Evet, normal bir bakış açısıyla bu olağanüstü bir olay olabilir ama bu hadisenin de peygamberlerin diğer mucizeleri gibi (Hz. İsa (a.s) tarafından ölülerin diriltilmesi, Hz. Salih (a.s) tarafından devenin dağın arasından çıkartılması) olağanüstü sayıldığını ama Allah’ın izniyle herkesin önünde vuku bulduğunu ve gerçekleştiğini belirtmemiz gerekir. Burada şu noktanın belirtilmesi zorunludur: Tur dağının İsrailoğulları başı üzerine kaldırılmasının niteliğini betimleme bağlamında bir gurup müfessir Allah’ın emri ile dağın yerinden söküldüğüne ve bir gölgelik gibi onların başının üzerinde durduğuna inanmaktadır.[4] Bu görüş şu âyetten iktibas edilmiştir:
“Hani dağı sanki bir gölgelikmiş gibi onların üstüne kaldırmıştık da üzerlerine düşecek sanmışlardı. (Onlara:) “Size verdiğimiz Kitab’a sımsıkı sarılın ve onun içindekileri hatırlayın ki, Allah’a karşı gelmekten sakınasınız” demiştik.”[5]
Elbette bu hadisenin detayları hakkında başka ihtimaller de dile getirilmiştir; örneğin dağda şiddetli bir depremin olduğu, dağın büyük bir sarsıntı geçirdiği, dağın eteklerinde olan fertlerin, onun yüksek kısımlarının gölgesini başlarının üzerinde gördükleri, her an onun kendi başları üzerine düşeceğini sandıkları ama depremin ilahi lütuf sayesinde dindiği ve dağın kendi yerine oturduğu söylenmiştir.[6]
Şu ihtimal de mevcuttur: Allah’ın emriyle dağın büyük bir parçası şiddetli bir deprem ve sarsıntıyla yerinden sökülmüş ve onların başı üzerinden geçmiş ve onlar bir anlığına onu kendi başları üzerinde görmüş ve onun kendi üzerlerine düşeceğini sanmışlardır.[7] Göründüğü kadarıyla dile getirilen bazı betimleme ve açıklamalar kendi muhataplarına bu ilahi mucizenin o kadar da hayret edilecek ve olağanüstü bir şey olmadığı ve insan aklının ölçüleriyle uyuştuğunu söyleme hedefini gütmektedir.
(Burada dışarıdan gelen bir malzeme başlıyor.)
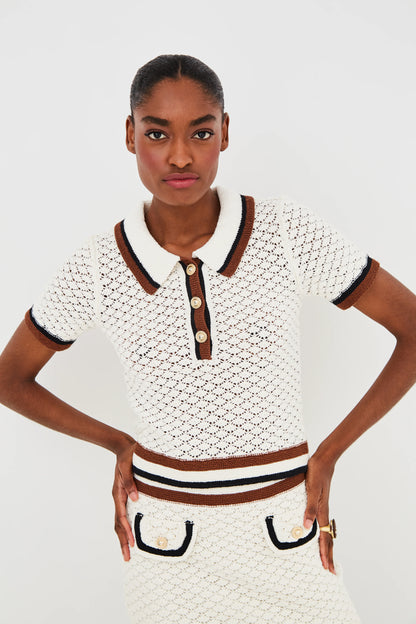 Ginger Polo Crochet Awning Knit - Cara Cara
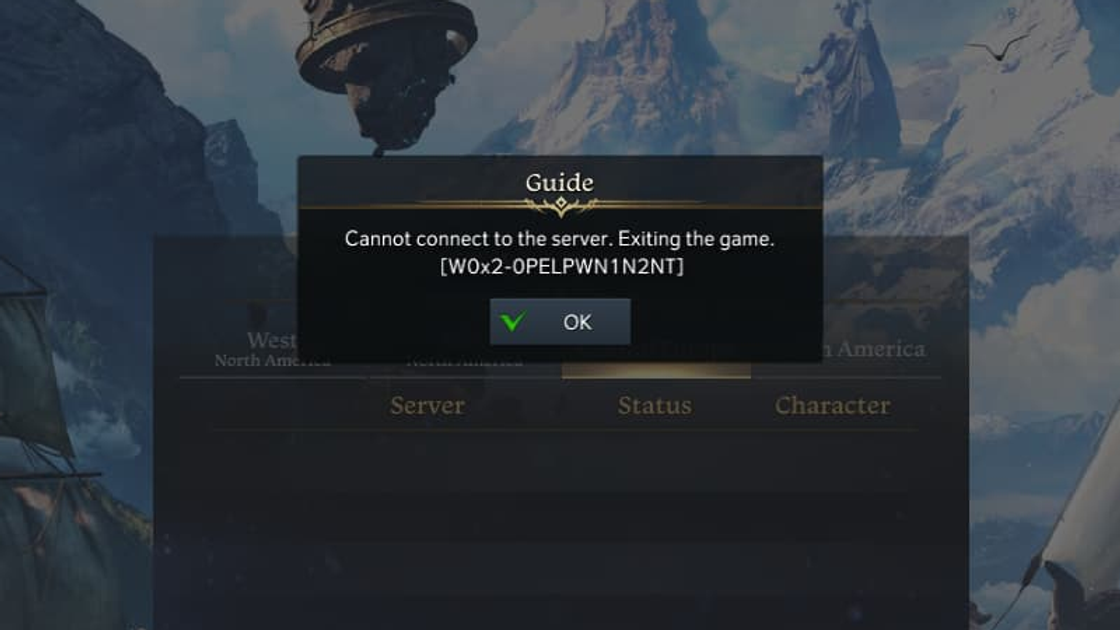 Lost Ark w0x2-0pelpwn1n2nt, quel est ce code erreur empêchant la connexion au jeu ?
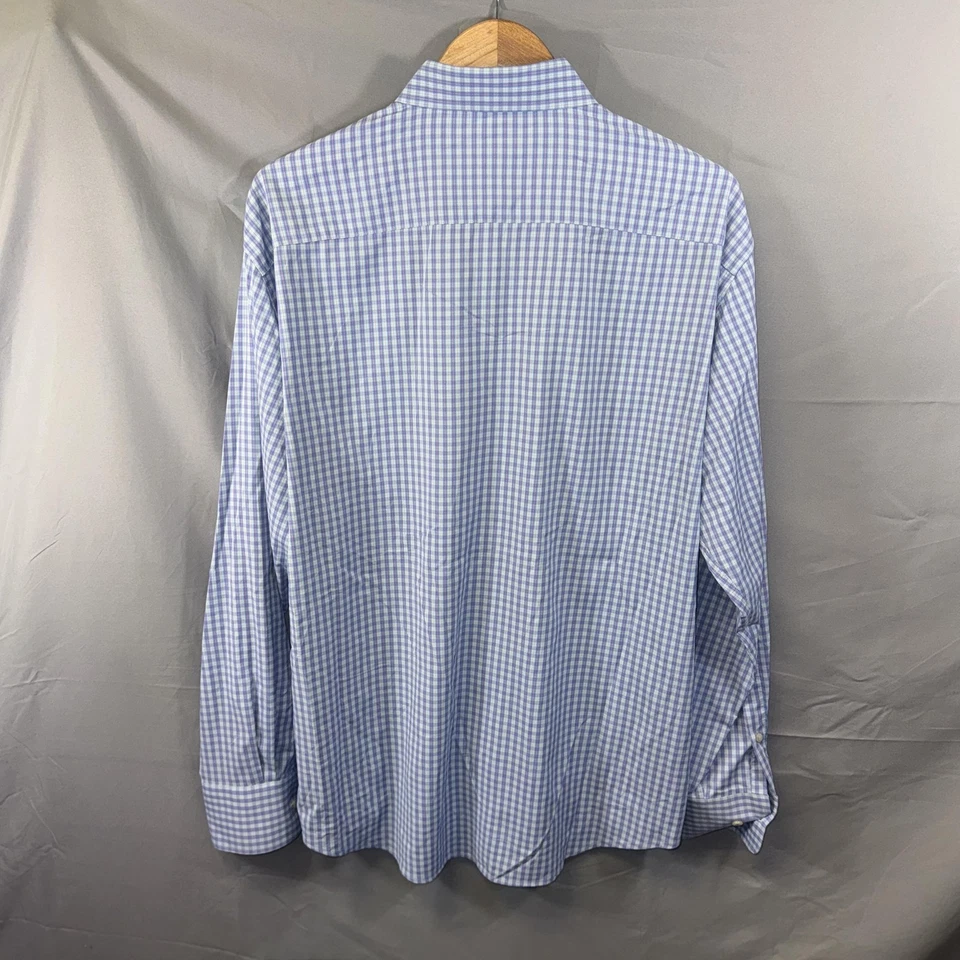Camisa Peter Millar Para Hombre Grande Azul Guinga Verano Comodidad Abotonada Elastizada Foto 2 de 4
Biz aklen muhal olan bütün konuların hiçbir açıklamaya gerek duymaksızın yüce Allah’ın kudret alanına gireceğine ve bir mucizenin detaylarını betimlemede sadece şer’i deliller veya aklî kesin kriterlerden yararlanılması gerektiğine inanıyoruz.
[1] Maide, 12. âyet.
[2] Bakara, 63, Nisa, 154, Â’raf 171. âyet.
[3] Mekarim Şirazî, Nâsır, Tefsir-i Numûne, c. 1, s. 294, Daru’l-Kitabu’l-İslamiye, Tahran, h.ş. 1374.
[4] Tabersİ, Fazl bin Hasan, Mecmeu’l-Beyan fi Tefsiri’l-Kur’an, c. 4, s. 764, (Â’raf Sûresi 171. âyetin bölümünde), İntişarat-ı Nasır Hüsrev, Tahran, h.ş. 1372.
[5] Â’raf, 171. âyet.
[6] Reşit Rıza, Tefsir-i el-Menar, konu olan âyetin bahsinde, Tefsir-i Numûne’den iktibas, c. 1, s. 294.
[7] Mekarim Şirazî, Nâsır, Tefsir-i Numûne, c. 1, s. 294, Daru’l-Kitabu’l-İslamiye, Tahran, h.ş. 1374.